HOUSE BILL REPORT

HB 2642

This analysis was prepared by non-partisan legislative staff for the use of legislative members in their deliberations. This analysis is not a part of the legislation nor does it constitute a statement of legislative intent.

As Reported by House Committee On:

Health Care & Wellness

Appropriations

Title: An act relating to removing health coverage barriers to accessing substance use disorder treatment services.

Brief Description: Removing health coverage barriers to accessing substance use disorder treatment services.

Sponsors: Representatives Davis, Cody, Chopp, Harris, Leavitt, Caldier, Smith, Goodman, Orwall, Thai, Macri, Stonier, Schmick, Tharinger, Riccelli, Robinson, Griffey, Graham, Appleton, Callan, Irwin, Bergquist, Lekanoff, Barkis, Senn, Doglio, Walen, Peterson, Ormsby and Pollet.

Brief History:

Committee Activity:

Health Care & Wellness: 1/29/20, 2/7/20 [DPS];

Appropriations: 2/10/20, 2/11/20 [DPS(HCW)].

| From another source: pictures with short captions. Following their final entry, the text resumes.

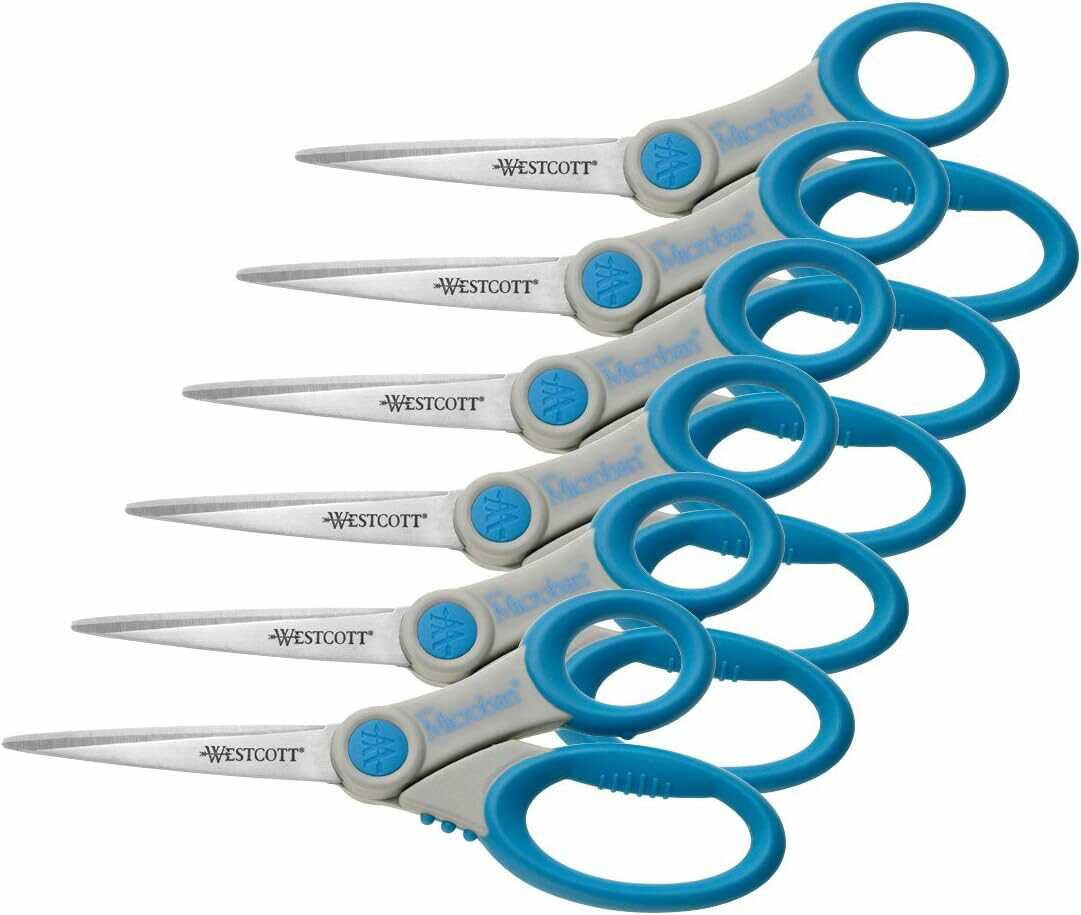 Westcott E 30781 00 I Schere Microban Softgrip 9,05€ statt  15,50€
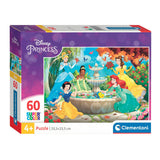 Clementi Jigsaw Puzzle Super Color Princess, 60st.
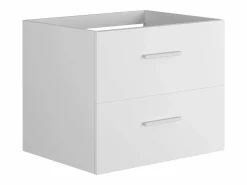 Vente-unique Mueble De Lavabo | Mueble de baño flotante para lavabo color , L60 cm, KAYLA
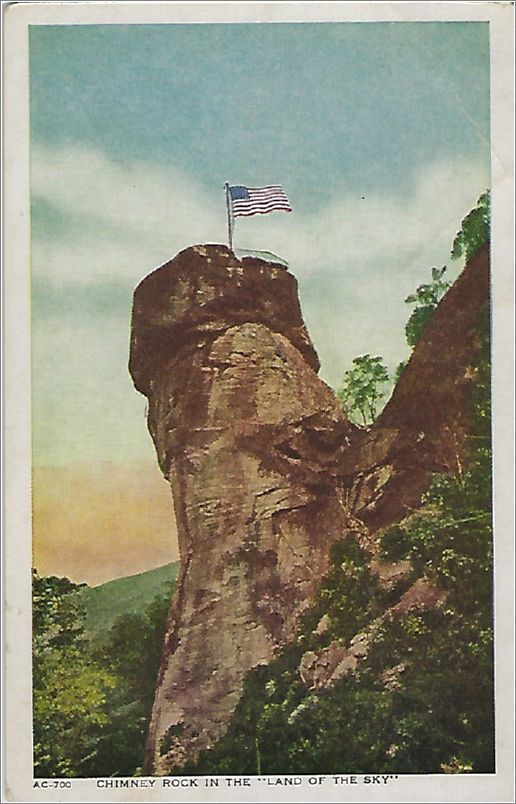 Chimney Rock in the 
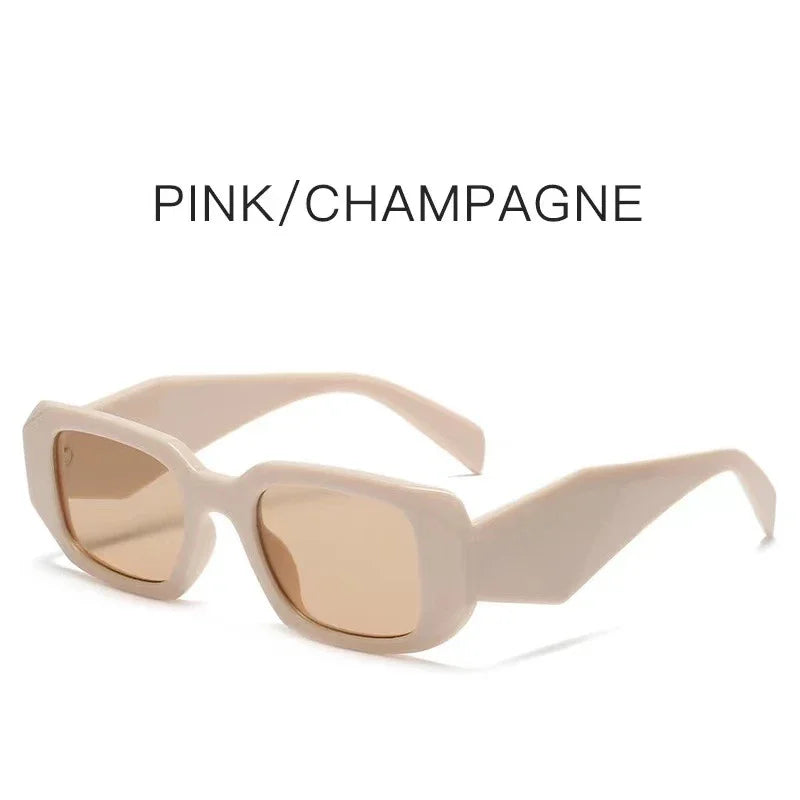 New Square Sunglasses Men Women Trendy Brand Designer Sun Glasses Luxury Shades Female Personlity Eyewear UV400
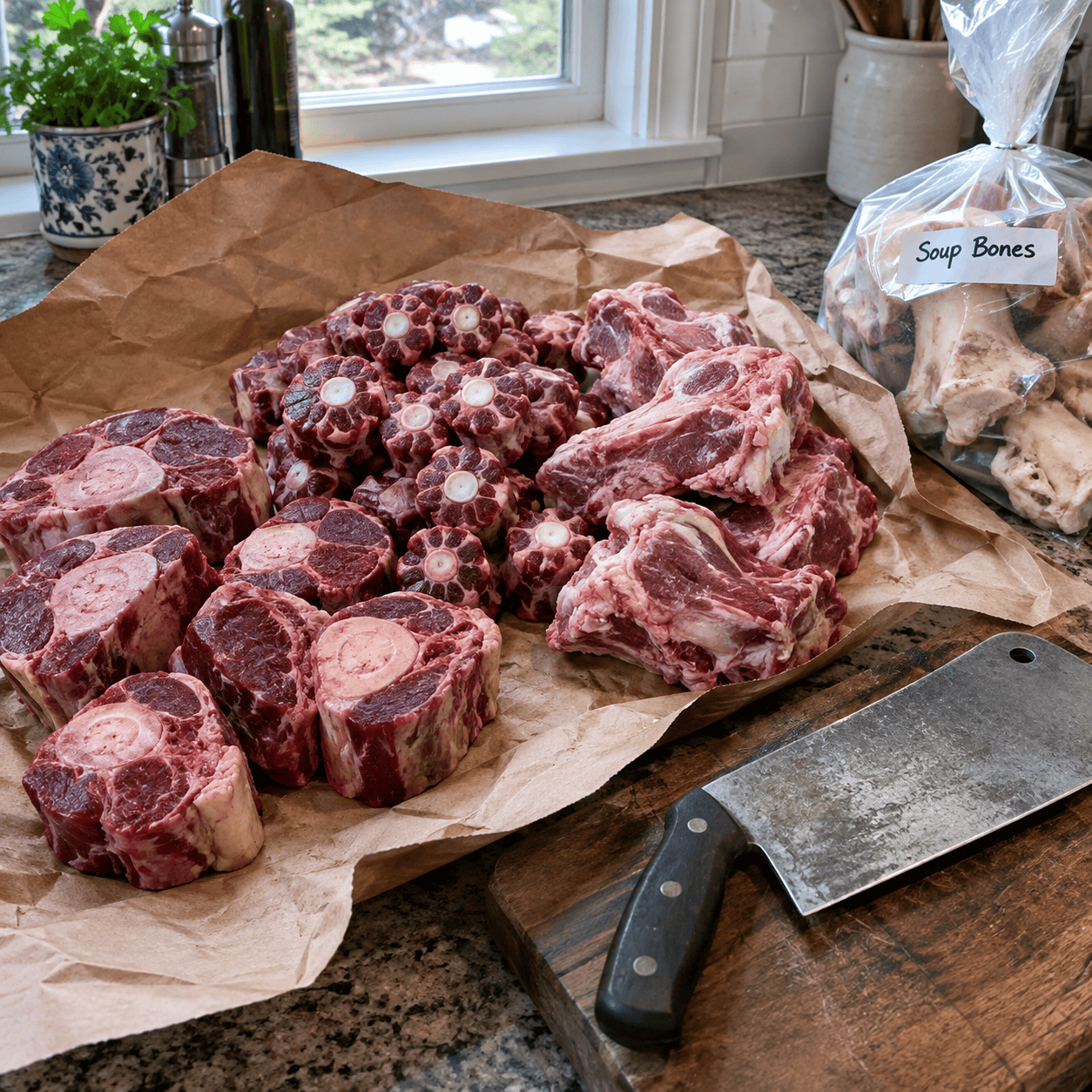 The Butcher Order Changes to Bones and Cheap Cuts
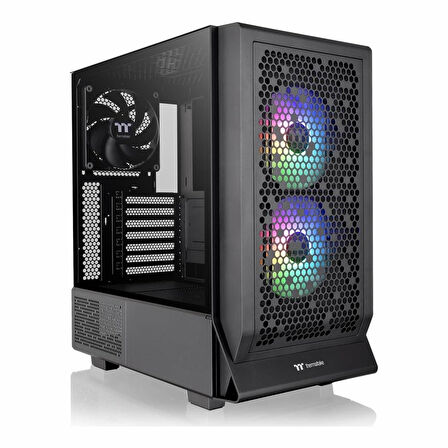 Thermaltake Ceres 330 TG USB 3.2 ARGB eATX Mid Tower Siyah Kasa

Brief Summary of Substitute Bill

  • Eliminates prior authorization requirements for substance use disorder services, except in certain cases.

  • Establishes minimum coverage times before utilization review may be conducted for services in a substance use disorder residential treatment facility or a withdrawal management program.

  • Establishes timelines for substance use disorder facilities to submit admissions materials to payers and for payers to make medical necessity determinations.

  • Directs the Health Care Authority to develop an action plan to support improved transitions between different levels of care, including addressing barriers to timely assessments and increasing successful transitions between different levels of appropriate care.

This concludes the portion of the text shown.